Menu Foods Income Fund insisted Thursday that it will survive the fallout from a huge recall of contaminated pet food that is expected to cost at least C$45 million ($42 million), as more customers cancel orders and lawsuits mount.

Executives said they were confident that a bigger line of credit will help see the company through the recall, expanded several times and dubbed one of the largest in North American history.

Menu Foods has recalled at least 60 million packages of pet food after reports of 14 animal deaths. It said the foods contained contaminated wheat gluten imported from China.
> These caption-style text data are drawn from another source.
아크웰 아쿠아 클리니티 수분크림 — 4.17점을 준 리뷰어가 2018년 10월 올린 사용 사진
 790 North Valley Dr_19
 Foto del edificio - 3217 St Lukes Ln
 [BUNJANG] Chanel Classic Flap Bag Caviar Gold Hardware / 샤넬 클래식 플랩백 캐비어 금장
"Menu's been in business and at various sizes and at different scales for 35 years and the intent will be that we will continue to be around," Chief Executive Paul Henderson said on a conference call to discuss first-quarter results.

He pointed to a recently-increased bank facility, to US$50 million from US$30 million. The company also has a facility for US$85 million in senior secured notes.

Menu Foods also expects to once again begin shipping many of the recalled pet food brands in the second quarter and into the third quarter.

"All of those things essentially will see us, in my opinion, through the recall," Henderson said.

Cormark Securities analyst Aleem Israel agreed, saying Menu Foods has survived hard times in the past. He cited problems in 2005 when rising costs led the company to breach its bank covenants.

"He's (Henderson) been in the situation where his back was against the wall," he said from Toronto. "They were very good at managing their way out of that."

But it won't be easy for Menu Foods to find its footing again.

The C$45 million recall cost excludes the impact of lower sales and any lawsuits exceeding the company's insurance. Menu Foods now faces nearly 90 lawsuits in North America, Henderson said.

The company also said it expects to borrow more money because of the recall at higher interest rates under an amended credit agreement.

"Both of these changes are expected to increase the fund's financial expenses going forward," the company said in a statement. Company executives were unable Thursday to estimate the impact of higher interest costs.

In its first-quarter, Menu Foods posted a net loss of C$17.51 million, or 91.8 Canadian cents a unit, compared to profit of C$1.3 million, or 73 Canadian cents a unit, in the prior-year period. Sales slumped to C$64.5 million, from C$93.9 million.

No distributions were declared during the quarter and the board will not consider resuming them "for the foreseeable future".

The company said it expects second-quarter sales and operating results will be "adversely affected" by the recall.

Israel said he is not concerned by small customers who have canceled orders because the biggest customers need Menu Foods' capacity.

Menu Food units dipped 12 Canadian cents to C$4.01 on the Toronto Stock Exchange Thursday.